§ Dataset extract:
'''
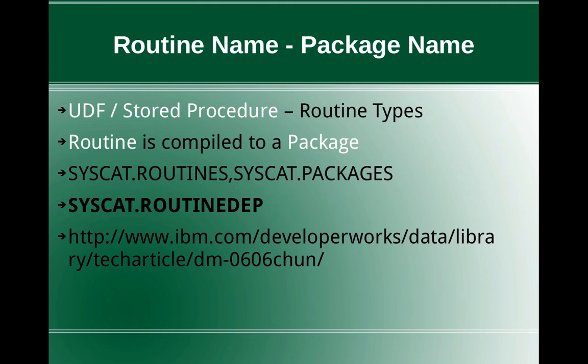syscat.routines and syscat.packages. But the stored procedure details alone is available in the routines admin view and the package details alone is available in the packages admin view. The link between these two, like for this particular stored procedure, this is the package name. That link is not directly available in these two tables.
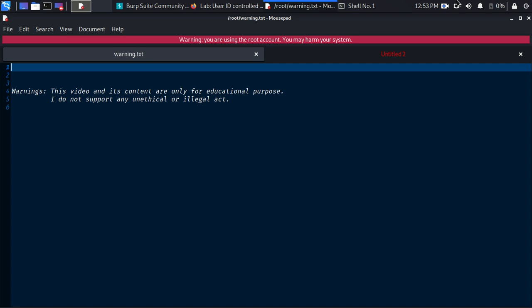Welcome back, this is Mohammed Daddurdja and today we are going to exploit the horizontal privilege escalation vulnerability in access control module lab number nine. We will do that manually and also write a custom exploit with Python.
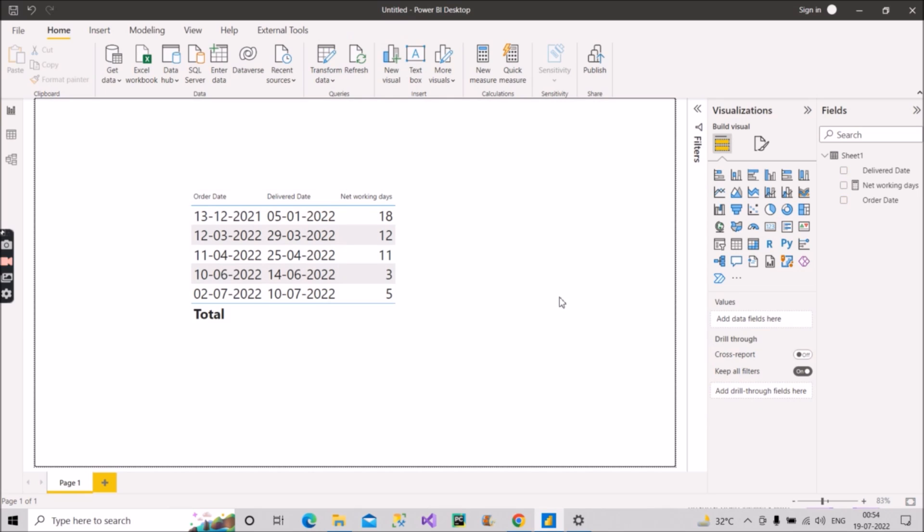So in this way you have to answer this question. You can make use of this NETWORKDAYS latest function, and this function is available in the latest update. So you have to update your Power BI desktop to see this function. So this is what I wanted to share with you today. I hope you are clear with the explanation, and if you like it, please share it with your colleagues and friends whoever are in need of this. Stay tuned for the upcoming videos. Thank you.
'''
§ Task prompt:
Write out every line above exactly as it is, leaving out the pictures.

§ Result below:
syscat.routines and syscat.packages. But the stored procedure details alone is available in the routines admin view and the package details alone is available in the packages admin view. The link between these two, like for this particular stored procedure, this is the package name. That link is not directly available in these two tables.
Welcome back, this is Mohammed Daddurdja and today we are going to exploit the horizontal privilege escalation vulnerability in access control module lab number nine. We will do that manually and also write a custom exploit with Python.
So in this way you have to answer this question. You can make use of this NETWORKDAYS latest function, and this function is available in the latest update. So you have to update your Power BI desktop to see this function. So this is what I wanted to share with you today. I hope you are clear with the explanation, and if you like it, please share it with your colleagues and friends whoever are in need of this. Stay tuned for the upcoming videos. Thank you.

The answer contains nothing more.